I sat down Monday, Dec. 7, 2009 to my copy of the DP to catch up on news around campus and Philadelphia, but also with the hopes of reading a few words which commemorated and gave thanks to the soldiers and sailors who fought for our freedom at Pearl Harbor 68 years ago. Instead I opened your paper that praised the then-winless Penn basketball teams and other superficial topics and was absent of a single word, let alone one of thanks, for the 2350 American men and women who died that day. Pearl Harbor was the Sept. 11 of our parents’ and grandparents’ era: an unprovoked attack that led to the U.S.’s involvement in a war that has affected every single person at this school, whether through a change in how the world interacts, emigration to unknown lands in the hopes of escaping persecution or even the death of loved ones. At the end of the day, I just hope that this chapter in our history and what those American servicemen went through is never lost or forgotten. James Calderwood The author is a Nursing and Wharton junior.

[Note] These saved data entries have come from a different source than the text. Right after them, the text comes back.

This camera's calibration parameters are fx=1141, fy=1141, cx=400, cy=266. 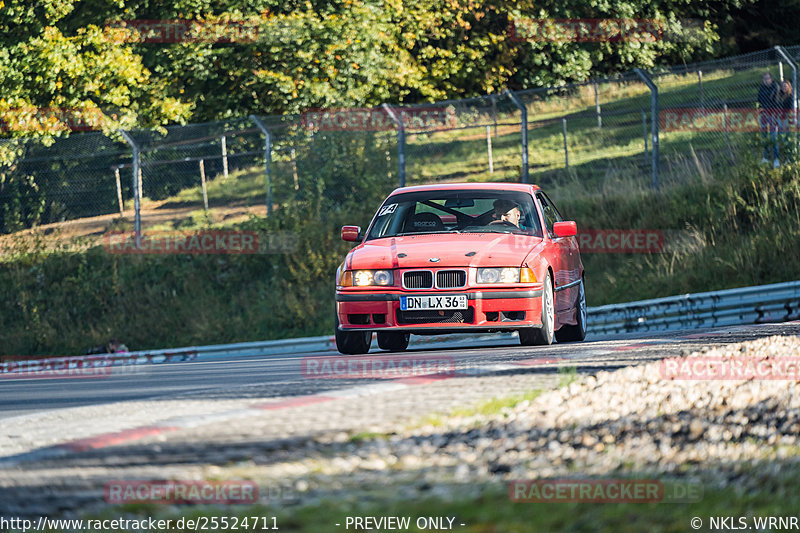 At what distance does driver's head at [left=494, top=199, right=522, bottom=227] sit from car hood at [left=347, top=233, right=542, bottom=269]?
40 cm

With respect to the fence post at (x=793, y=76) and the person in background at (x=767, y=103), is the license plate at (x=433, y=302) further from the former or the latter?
the person in background at (x=767, y=103)

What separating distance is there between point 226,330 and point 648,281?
791cm

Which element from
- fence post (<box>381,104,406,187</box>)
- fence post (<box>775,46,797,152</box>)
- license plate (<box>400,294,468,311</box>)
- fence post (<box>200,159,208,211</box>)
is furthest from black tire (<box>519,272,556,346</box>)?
fence post (<box>200,159,208,211</box>)

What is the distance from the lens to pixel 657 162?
21.0 m

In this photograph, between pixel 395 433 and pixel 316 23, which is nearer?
pixel 395 433

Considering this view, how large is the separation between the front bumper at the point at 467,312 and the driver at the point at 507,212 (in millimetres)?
1419

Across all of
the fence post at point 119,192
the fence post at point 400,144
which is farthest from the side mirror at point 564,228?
the fence post at point 119,192

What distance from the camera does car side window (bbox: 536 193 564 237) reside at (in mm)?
12121

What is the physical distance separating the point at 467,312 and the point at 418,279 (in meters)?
0.55

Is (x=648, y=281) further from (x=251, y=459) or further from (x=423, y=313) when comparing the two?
(x=251, y=459)

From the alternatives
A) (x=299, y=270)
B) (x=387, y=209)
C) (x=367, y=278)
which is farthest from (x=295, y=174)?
(x=367, y=278)

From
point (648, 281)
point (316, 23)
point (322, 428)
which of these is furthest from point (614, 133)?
point (322, 428)

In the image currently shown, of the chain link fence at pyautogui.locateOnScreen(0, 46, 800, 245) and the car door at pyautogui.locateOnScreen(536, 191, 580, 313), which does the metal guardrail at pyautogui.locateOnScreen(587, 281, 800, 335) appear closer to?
the car door at pyautogui.locateOnScreen(536, 191, 580, 313)

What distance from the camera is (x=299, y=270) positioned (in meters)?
Result: 21.8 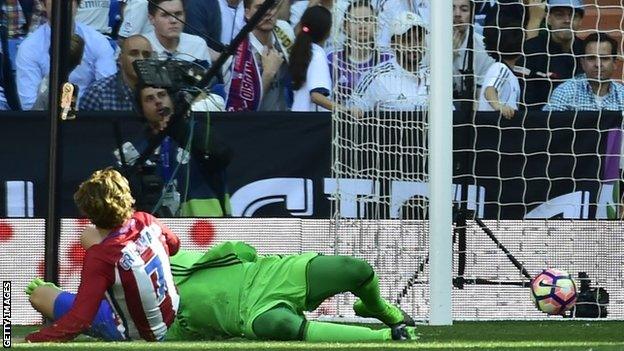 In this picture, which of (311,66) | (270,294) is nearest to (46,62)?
(311,66)

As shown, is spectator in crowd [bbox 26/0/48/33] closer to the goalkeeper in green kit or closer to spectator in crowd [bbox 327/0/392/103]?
spectator in crowd [bbox 327/0/392/103]

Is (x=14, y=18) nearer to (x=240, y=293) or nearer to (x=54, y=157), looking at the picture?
(x=54, y=157)

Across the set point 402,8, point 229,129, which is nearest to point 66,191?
point 229,129

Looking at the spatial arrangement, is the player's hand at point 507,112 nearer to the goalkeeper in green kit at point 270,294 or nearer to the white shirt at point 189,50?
the white shirt at point 189,50

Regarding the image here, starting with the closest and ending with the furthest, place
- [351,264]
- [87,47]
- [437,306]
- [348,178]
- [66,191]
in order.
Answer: [351,264], [437,306], [348,178], [66,191], [87,47]

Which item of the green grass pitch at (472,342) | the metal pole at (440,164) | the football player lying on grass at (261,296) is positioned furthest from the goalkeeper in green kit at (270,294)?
the metal pole at (440,164)

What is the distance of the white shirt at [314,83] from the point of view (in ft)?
31.6

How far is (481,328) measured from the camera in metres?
7.32

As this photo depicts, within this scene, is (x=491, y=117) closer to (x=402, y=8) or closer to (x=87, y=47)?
(x=402, y=8)

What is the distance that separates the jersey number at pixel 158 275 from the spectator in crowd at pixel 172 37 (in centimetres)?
432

Higher turnout needed at hoops games To the editor:

An empty arena has become a familiar scene at Penn Basketball games the last few seasons. The team is not as good as it once was, but the games still mean something. Students and other fans must go to the games and put a little energy into college basketball’s most historic arena. Fan support can make a difference in a close game and it is an element of college basketball that this program desperately needs. Better days are ahead for the program. If anybody can turn it around, Jerome Allen can. The former Penn Great and current head coach understands how to make Penn basketball successful again. There is an entire Ivy League schedule to play and the team will be competitive in the league. There is also the fact that Penn has some Big 5 games left to play in the Palestra. Students from the other universities in the area have huge turnouts for games in the Palestra and Penn students should be able to outnumber them in our own building. In recent years this hasn’t been the case and it is time for a change. Show a little school spirit and give the team a home-court advantage. Jared Marks The author is a Wharton junior.